The problem it solves

Compliance frameworks describe outcomes — access is reviewed regularly, data is encrypted, incidents are logged — but proving those outcomes traditionally meant manually gathering screenshots and export files before an audit, then repeating it for the next framework using largely the same controls. That process is slow, easy to get wrong, and tells an auditor almost nothing about the months between snapshots.

It also scales badly. A growing company accumulates several certifications, plus a growing list of vendors whose security posture must be assessed before they're trusted with company data. Without a system tracking all of it, risks and controls live in someone's memory instead of a record anyone else can audit.

How it works

Compliance automation platforms connect to the systems that generate evidence — cloud infrastructure, identity providers, device management, ticketing — and continuously check whether required settings and processes are in place, rather than waiting for a scheduled review. One completed control test can map to the equivalent requirement in several frameworks at once, so proving encryption is enabled satisfies more than one checklist simultaneously.

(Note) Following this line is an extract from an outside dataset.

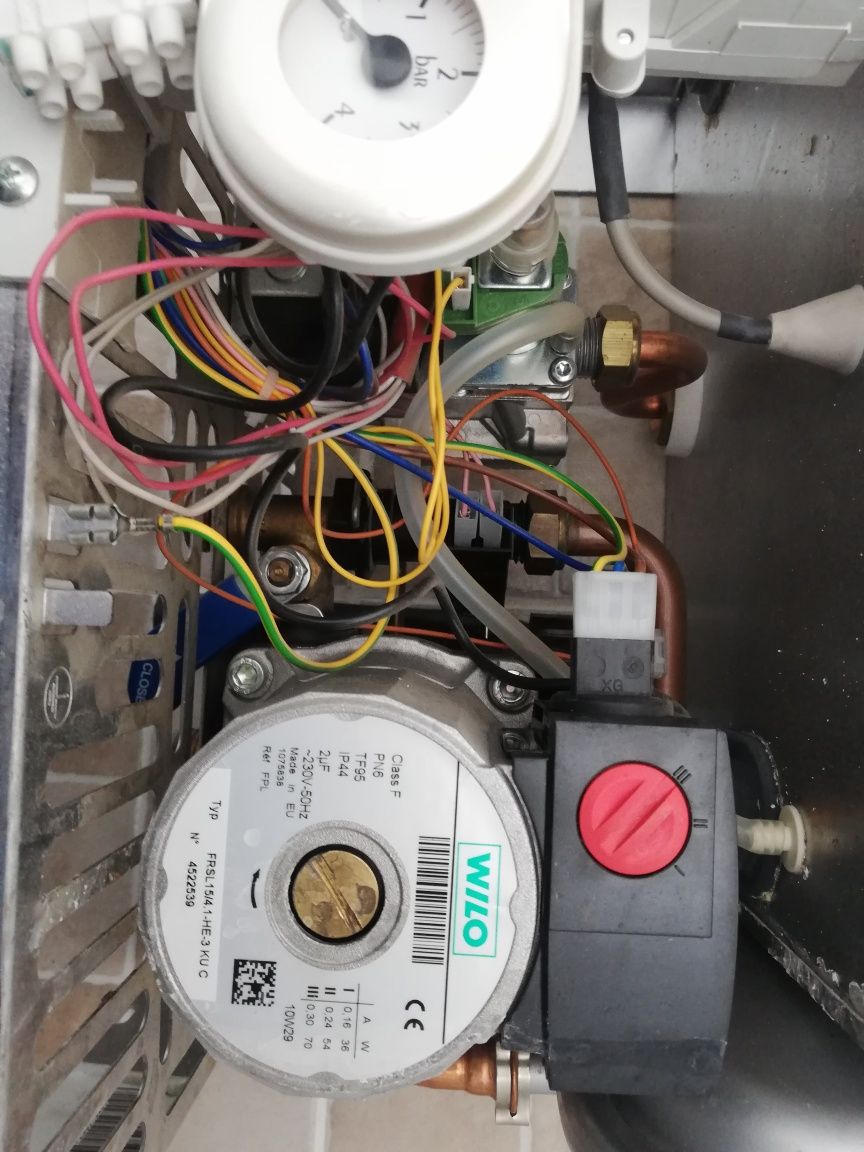 Dezmembrez centrala Ferroli Domitech F24/ Feroli F24 pompa/vana gaz ...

Around that monitoring sits a risk register tracking identified risks, owners, and remediation status; policy management handling drafting, approval, and employee attestation; and vendor risk tracking that runs the same kind of assessment on third parties an organization depends on. When an audit happens, the evidence is already organized and dated rather than assembled under deadline pressure.

Compliance automation vs traditional GRC

Traditional governance, risk, and compliance software was generally built for large enterprises with dedicated internal audit teams, and it still excels at things like SOX testing cycles, enterprise risk modeling, and audit workflows spanning many business units — often as part of a broader system already running other parts of the company.

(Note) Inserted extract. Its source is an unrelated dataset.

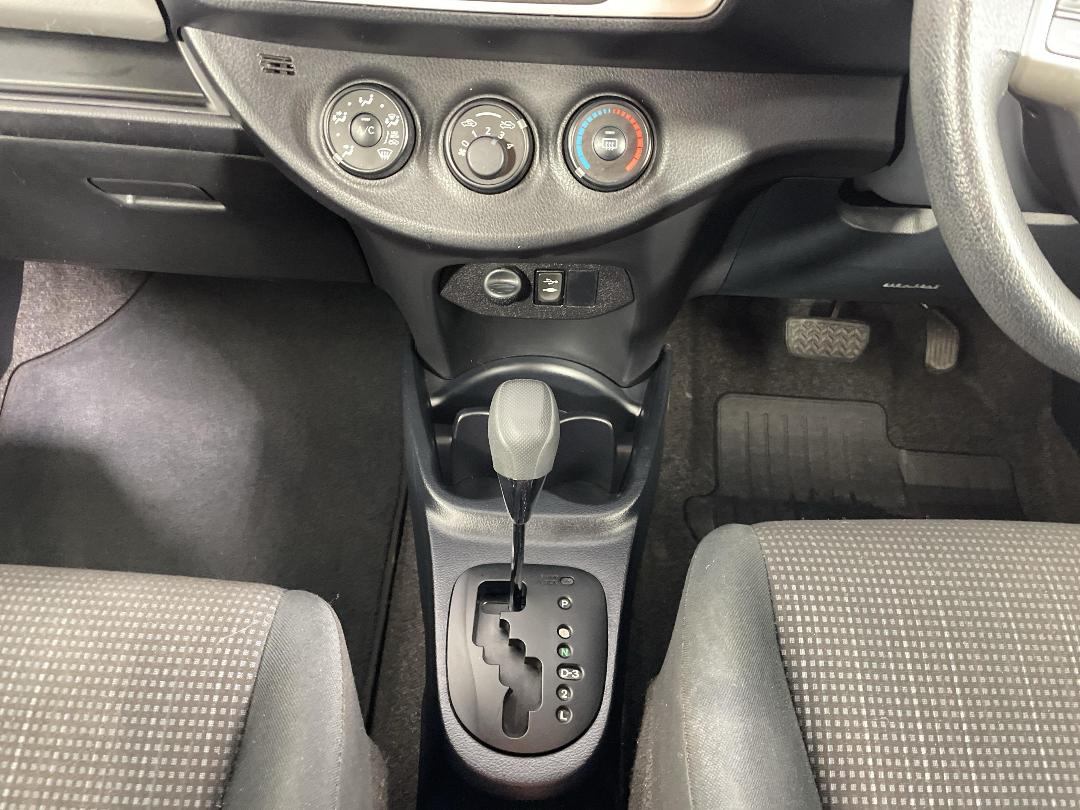 Photo '18' of Toyota Yaris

Compliance automation platforms grew out of a narrower, more urgent need — getting a fast-growing company through its first SOC 2 or ISO 27001 report — and prioritize integrations and continuous monitoring over configurability. The lines have blurred as each adds the other's strengths, but the design center still differs: one optimizes for auditor-grade breadth, the other for speed to a passing evidence package.

Choosing one

Start with framework coverage: confirm a candidate actually supports every certification currently required and any likely to come up next, since switching platforms mid-audit is painful. Then check integration depth — a tool that can't connect to the actual cloud provider, identity system, or HR platform in use falls back to manual evidence collection anyway, erasing the benefit of automation.

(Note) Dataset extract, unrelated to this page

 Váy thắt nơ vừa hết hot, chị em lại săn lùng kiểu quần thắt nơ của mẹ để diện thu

Finally, weigh how much the compliance program has to grow. A small team chasing one certification needs speed and simplicity; a company managing several frameworks, an active risk register, and a growing vendor list needs a platform built to keep it all connected rather than scattered across spreadsheets.

Capability taxonomy

What buyers typically evaluate when comparing tools in this category.

Control & framework mapping
Maps internal controls to frameworks like SOC 2, ISO 27001, and NIST.
Continuous control monitoring
Automatically checks that controls remain in place between formal audits.
Risk register & assessments
Tracks identified risks, owners, and treatment plans in one place.
Audit evidence collection
Automatically gathers and organizes proof of control operation for auditors.
Policy management
Manages the lifecycle of security policies, from drafting to employee attestation.
Vendor & third-party risk tracking
Assesses and monitors the security posture of vendors and partners.